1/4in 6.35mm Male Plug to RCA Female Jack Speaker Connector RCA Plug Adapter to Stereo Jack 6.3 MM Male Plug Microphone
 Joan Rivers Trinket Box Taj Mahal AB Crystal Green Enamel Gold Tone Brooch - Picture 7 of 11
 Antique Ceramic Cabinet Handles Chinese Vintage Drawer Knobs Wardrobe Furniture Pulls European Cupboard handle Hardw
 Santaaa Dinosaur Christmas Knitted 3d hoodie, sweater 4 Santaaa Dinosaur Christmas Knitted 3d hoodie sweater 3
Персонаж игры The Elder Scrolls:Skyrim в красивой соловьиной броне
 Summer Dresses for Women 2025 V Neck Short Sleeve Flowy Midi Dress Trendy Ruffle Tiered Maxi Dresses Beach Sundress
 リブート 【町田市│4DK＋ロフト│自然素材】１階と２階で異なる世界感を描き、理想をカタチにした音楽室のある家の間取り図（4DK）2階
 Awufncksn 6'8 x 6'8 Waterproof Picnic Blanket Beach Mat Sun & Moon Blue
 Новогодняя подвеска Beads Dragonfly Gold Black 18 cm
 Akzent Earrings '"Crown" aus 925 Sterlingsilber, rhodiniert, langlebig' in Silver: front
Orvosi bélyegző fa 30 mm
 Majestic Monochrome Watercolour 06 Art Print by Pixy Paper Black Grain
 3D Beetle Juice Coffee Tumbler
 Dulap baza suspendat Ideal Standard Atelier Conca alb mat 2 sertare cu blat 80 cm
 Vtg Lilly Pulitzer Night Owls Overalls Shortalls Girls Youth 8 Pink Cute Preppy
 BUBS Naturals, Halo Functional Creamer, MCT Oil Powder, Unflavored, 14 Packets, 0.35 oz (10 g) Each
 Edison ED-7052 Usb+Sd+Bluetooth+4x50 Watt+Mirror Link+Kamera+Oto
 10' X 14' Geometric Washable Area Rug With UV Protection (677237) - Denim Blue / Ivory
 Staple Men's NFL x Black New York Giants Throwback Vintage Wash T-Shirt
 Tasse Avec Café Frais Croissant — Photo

= = = =

(WORK INSTRUCTION)
Line by line, copy the data above.

(ANSWER)
1/4in 6.35mm Male Plug to RCA Female Jack Speaker Connector RCA Plug Adapter to Stereo Jack 6.3 MM Male Plug Microphone
 Joan Rivers Trinket Box Taj Mahal AB Crystal Green Enamel Gold Tone Brooch - Picture 7 of 11
 Antique Ceramic Cabinet Handles Chinese Vintage Drawer Knobs Wardrobe Furniture Pulls European Cupboard handle Hardw
 Santaaa Dinosaur Christmas Knitted 3d hoodie, sweater 4 Santaaa Dinosaur Christmas Knitted 3d hoodie sweater 3
Персонаж игры The Elder Scrolls:Skyrim в красивой соловьиной броне
 Summer Dresses for Women 2025 V Neck Short Sleeve Flowy Midi Dress Trendy Ruffle Tiered Maxi Dresses Beach Sundress
 リブート 【町田市│4DK＋ロフト│自然素材】１階と２階で異なる世界感を描き、理想をカタチにした音楽室のある家の間取り図（4DK）2階
 Awufncksn 6'8 x 6'8 Waterproof Picnic Blanket Beach Mat Sun & Moon Blue
 Новогодняя подвеска Beads Dragonfly Gold Black 18 cm
 Akzent Earrings '"Crown" aus 925 Sterlingsilber, rhodiniert, langlebig' in Silver: front
Orvosi bélyegző fa 30 mm
 Majestic Monochrome Watercolour 06 Art Print by Pixy Paper Black Grain
 3D Beetle Juice Coffee Tumbler
 Dulap baza suspendat Ideal Standard Atelier Conca alb mat 2 sertare cu blat 80 cm
 Vtg Lilly Pulitzer Night Owls Overalls Shortalls Girls Youth 8 Pink Cute Preppy
 BUBS Naturals, Halo Functional Creamer, MCT Oil Powder, Unflavored, 14 Packets, 0.35 oz (10 g) Each
 Edison ED-7052 Usb+Sd+Bluetooth+4x50 Watt+Mirror Link+Kamera+Oto
 10' X 14' Geometric Washable Area Rug With UV Protection (677237) - Denim Blue / Ivory
 Staple Men's NFL x Black New York Giants Throwback Vintage Wash T-Shirt
 Tasse Avec Café Frais Croissant — Photo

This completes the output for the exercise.